Farmer Discovers Woolly Mammoth Tusks & Skull

Photo: Courtesy Facebook/Chelsea Update
When farmer James Bristle was digging in a soy field with a friend near Chelsea, MI, earlier this year, he stumbled upon one hell of an interesting surprise: The remains of a woolly mammoth.

Bristle's family has owned the farm across from the site of the mammoth's discovery since the 1950s, but it was only a little over two months ago when he acquired the additional land and began digging around to create lift stations for a natural gas line that he stumbled upon the bones of an infamous animal that has been extinct for over 10,000 years, reports CBS News.

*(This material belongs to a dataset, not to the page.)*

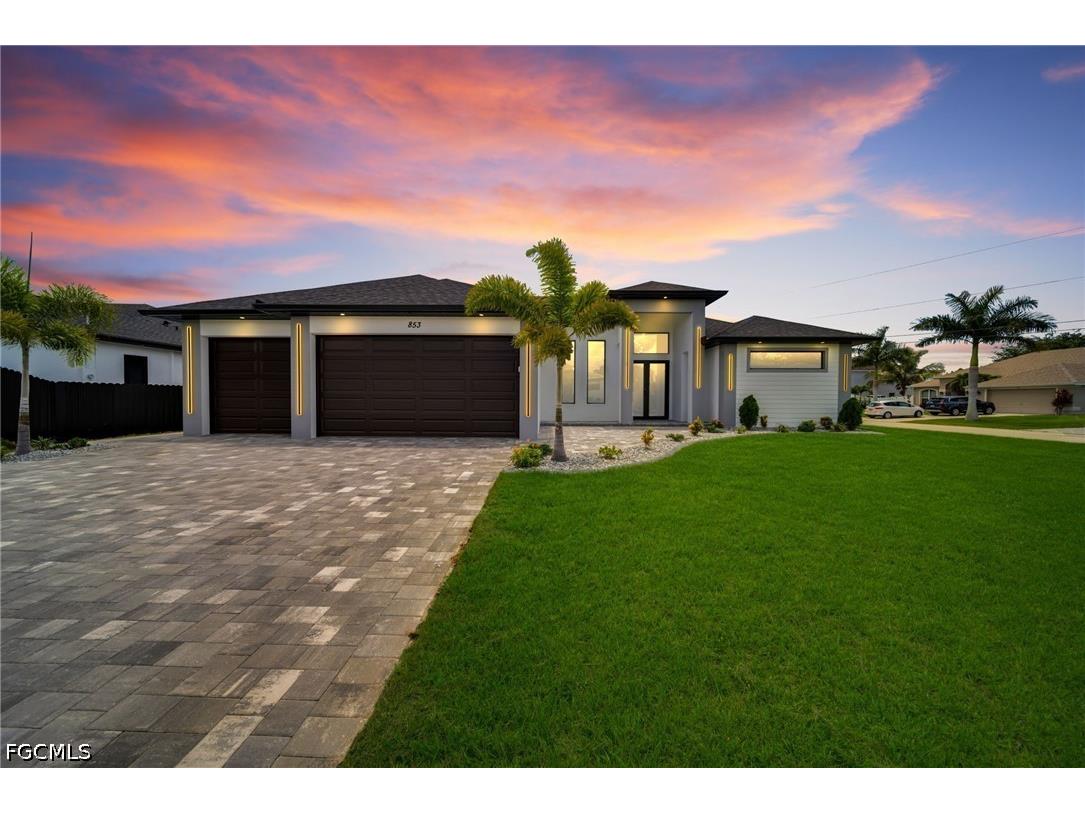 853 SW 15th Avenue Cape Coral FL 33991 2026028869 image1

At first, "We thought it was a bent fence post. It was covered in mud," Bristle told the Ann Arbor News. Researchers from the University of Michigan were soon brought in to examine the find and professor Daniel Fisher, director and curator at the university's Museum of Paleontology, told CBS Detroit that he knew exactly what it was when he saw the bones.

"I saw a part of a shoulder blade and there is a certain curve on a certain part of it that goes one way if it's a mastodon and another way if it's a mammoth," Fisher describes. "I recognized that and said, 'Humm, I think we have a mammoth here.'"

The university team then went about the intricate process of retrieving bones from the site, including what Fisher called a "very nice skull and tusks," ribs, vertebra, and the mammoth's jaw.

So how did it get here, exactly? "It turns out we are dealing with carcass parts of animals, in some cases hunted, in other cases maybe not, but in any event, butchered by ancient humans, what we call Paleo-Indians — people who lived in North America about 12 to 13,000 years ago," Fisher explained. After being killed by early human hunters, the mammoth remains were likely placed in a pond or other naturally cold body of water as an early answer to refrigeration, he posits.

The woolly mammoth, which lived during the Pleistocene era, was one of the last in a line of mammoth species and according to researchers cited by CBS News, looked a bit like a furrier version of the modern-day elephant. (Awwww?)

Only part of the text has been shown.